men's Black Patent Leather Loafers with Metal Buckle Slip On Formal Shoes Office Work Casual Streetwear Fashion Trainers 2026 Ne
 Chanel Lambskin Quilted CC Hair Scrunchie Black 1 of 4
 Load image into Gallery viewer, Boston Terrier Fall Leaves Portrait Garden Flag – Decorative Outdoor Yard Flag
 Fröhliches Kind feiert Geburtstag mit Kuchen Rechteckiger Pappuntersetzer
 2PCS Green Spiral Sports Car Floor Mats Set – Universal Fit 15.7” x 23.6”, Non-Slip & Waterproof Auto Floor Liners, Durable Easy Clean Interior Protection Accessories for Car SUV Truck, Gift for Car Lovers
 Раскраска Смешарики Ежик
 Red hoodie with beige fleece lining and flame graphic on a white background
...
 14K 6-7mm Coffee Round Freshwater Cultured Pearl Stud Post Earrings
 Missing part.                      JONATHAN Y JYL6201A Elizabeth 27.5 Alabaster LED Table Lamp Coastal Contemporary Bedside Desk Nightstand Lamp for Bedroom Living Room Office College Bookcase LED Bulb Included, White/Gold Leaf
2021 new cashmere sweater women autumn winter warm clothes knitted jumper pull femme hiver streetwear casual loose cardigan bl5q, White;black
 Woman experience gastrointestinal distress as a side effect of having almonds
...
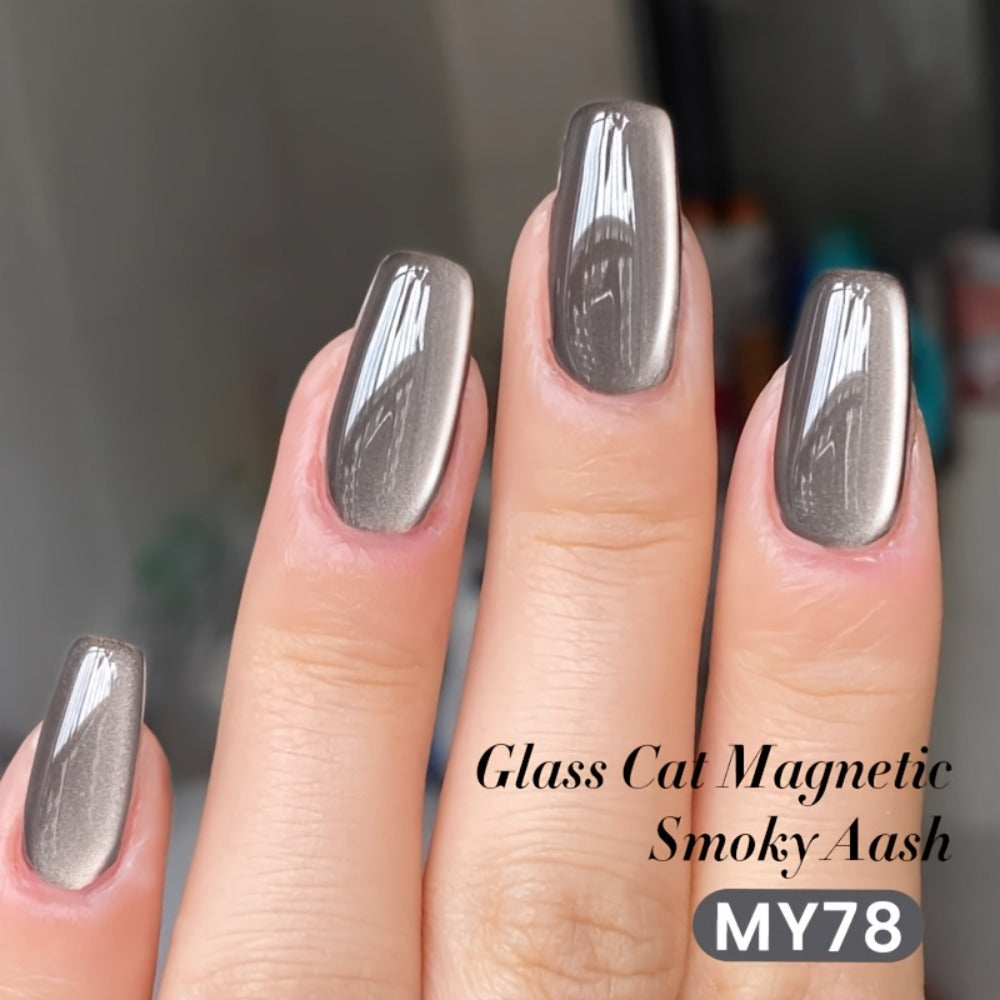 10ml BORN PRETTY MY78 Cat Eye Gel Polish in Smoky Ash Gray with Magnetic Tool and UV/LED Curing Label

== About this exercise ==
Everything from the line with "men's Black Patent" through the line with "Red hoodie with" should be written out exactly as it appears above, end lines included, and nothing outside that range.

== Result for this exercise ==
men's Black Patent Leather Loafers with Metal Buckle Slip On Formal Shoes Office Work Casual Streetwear Fashion Trainers 2026 Ne
 Chanel Lambskin Quilted CC Hair Scrunchie Black 1 of 4
 Load image into Gallery viewer, Boston Terrier Fall Leaves Portrait Garden Flag – Decorative Outdoor Yard Flag
 Fröhliches Kind feiert Geburtstag mit Kuchen Rechteckiger Pappuntersetzer
 2PCS Green Spiral Sports Car Floor Mats Set – Universal Fit 15.7” x 23.6”, Non-Slip & Waterproof Auto Floor Liners, Durable Easy Clean Interior Protection Accessories for Car SUV Truck, Gift for Car Lovers
 Раскраска Смешарики Ежик
 Red hoodie with beige fleece lining and flame graphic on a white background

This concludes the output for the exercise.